Basketball: Preseason signs pointed to a big year for Terps and an easy 500th victory for coach Chris Weller. Neither has happened.

March 01, 2002|By Katherine Dunn | Katherine Dunn,SUN STAFF

Heading into the 25th Atlantic Coast Conference Women's Basketball Tournament, Maryland isn't exactly positioned where the Terrapins had expected to be when the season opened.

After last season's late surge to an NCAA tournament bid, the Terrapins appeared ready to make their move in the ACC and on the national stage.

They returned six starters, including injury redshirt Vicki Brick, and 11 of 12 letter winners. They had a No. 23 preseason national ranking and were predicted to finish as high as third in the ACC.

Instead, the Terrapins (12-16) have struggled to a 4-12 ACC record and landed in a last-place tie with Florida State.

"It's just been a challenging year," said Terps junior guard Terri Daniels. "We've had some hard breaks and we've had some good wins. It's been difficult to lose when we were expected to do well. That's something we've had to learn from."

The Terrapins, who won the inaugural ACC tournament, had hoped to be a strong contender for the 25th anniversary crown. No women's team has won more ACC tournaments than Maryland, which has taken eight, the last in 1989.

To win it now, the Terps must do it as the eighth seed. No eighth seed has ever won. They will open at 6 p.m. tonight against seventh-seeded Wake Forest (12-15, 5-11) at Greensboro Coliseum.

Two-time defending champion Duke, the No. 4 team in the nation, is the overwhelming favorite, having swept all ACC competition this season. The Blue Devils (24-3) are seeded first, with North Carolina (22-7, 11-5) second.

Still, Maryland coach Chris Weller won't count her team out just yet. She said Maryland's problems have been "little things," not big, consistent breakdowns, so she sees possibilities in the tournament.

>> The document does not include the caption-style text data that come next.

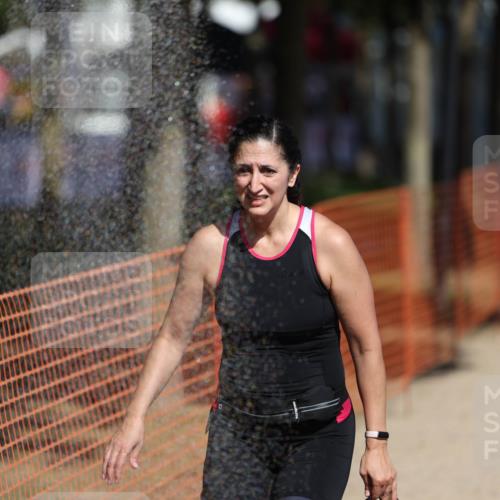 07.09.2025 - 19. Norderstedt Triathlon Michael Strokosch http://msf.ph/oto/8736970 07.09.2025 12:25:16 Laufen 299, 1367, 1380 meine-sportfotos.de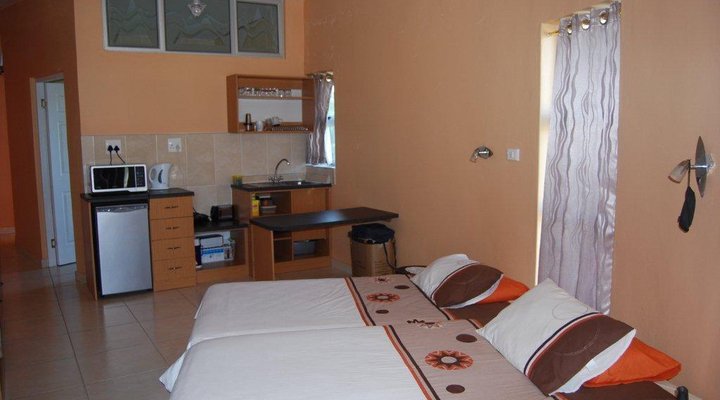 Aviark Coral Lodge
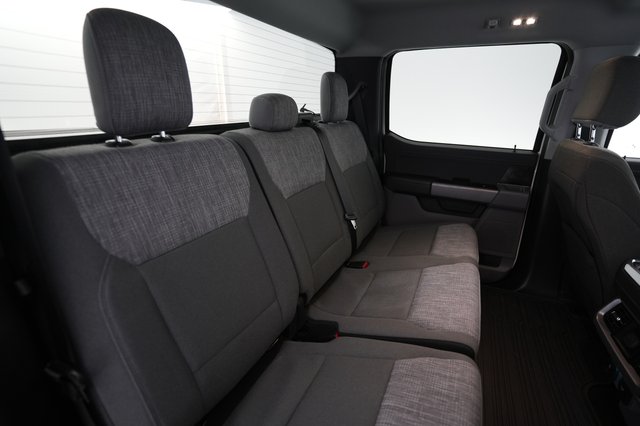 2023 Ford F-150 Lightning — photo 4 of 15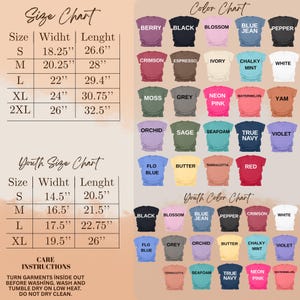K&ouml;nnte beinhalten: Eine Gr&ouml;&szlig;en- und Farbtabelle f&uuml;r T-Shirts. Die Erwachsenengr&ouml;&szlig;en reichen von S bis 2XL, mit Breiten- und L&auml;ngenma&szlig;en in Zoll. Die Farbtabelle zeigt Farben wie Berry, Black und Blossom. Eine Jugendgr&ouml;&szlig;entabelle ist ebenfalls enthalten.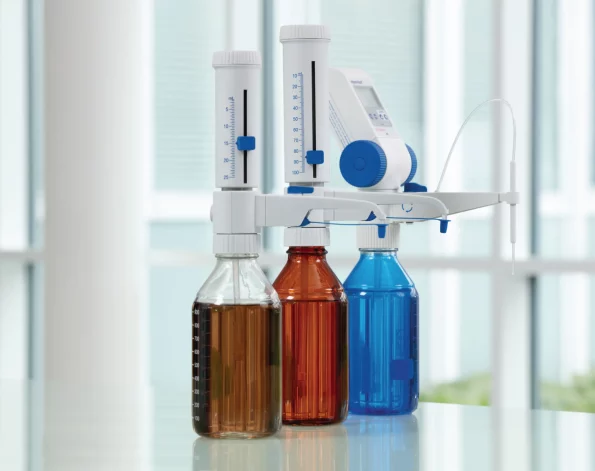 Eppendorf_Liquid-Handling_Bottle-top-dispenser-Varispenser-2x-Top-Buret-2-2_product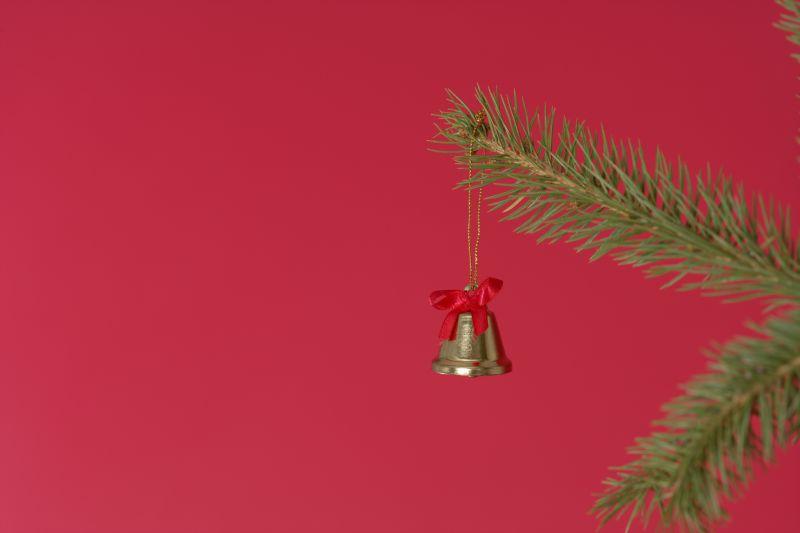 可爱的圣诞铃铛挂在圣诞树的枝头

"It's been an odd year, with Wake beating Carolina and things like that," said Weller. "Duke, Virginia and Carolina have been very consistent. The rest of us have been up and down. Anything can happen [in the tournament], but that's usually the case."

Maryland's defense ranks second in the conference, allowing 64.8 points a game, behind Duke's 64.2. Seniors MarchM-i Strickland, a third-team All-ACC selection, and Deedee Warley, honorable mention All-ACC, have both passed the 1,000-career point mark.

For the Terps, Sunday's 65-47 loss at Wake Forest, a team they defeated, 57-46, at home in January, dropped them into last place with Florida State. Only a win over third-seeded Clemson broke the tie and boosted the Terrapins into the eighth seed. The highest team Florida State had beaten was sixth-seeded North Carolina State.

The Terps started off the season well enough, going 9-6 and 2-2 in the ACC with wins over Clemson and Florida State. When they won their first meeting with Wake Forest on Jan. 24, they were 10-9, but they managed just two wins over their last nine games.

Should the Terps beat Wake Forest, one of four ACC teams they split with during the regular season, they would advance to play North Carolina tomorrow.

That would be the only hope for Weller to reach what appeared early on to be an almost certain milestone - her 500th career victory.

She came into her 27th season as the Terps' head coach needing 14 wins to become the 21st coach in NCAA Division I history to reach 500 - and only the seventh to reach the mark while spending an entire career at the same school.

At 498-285, Weller would have to guide the Terps to the ACC semifinals to hit the milestone this season.

"It would be bittersweet, no matter what," said Weller, a Maryland graduate. "We were hoping we would have a better shot at going to nationals and it looks like we'll have to win the tournament to go."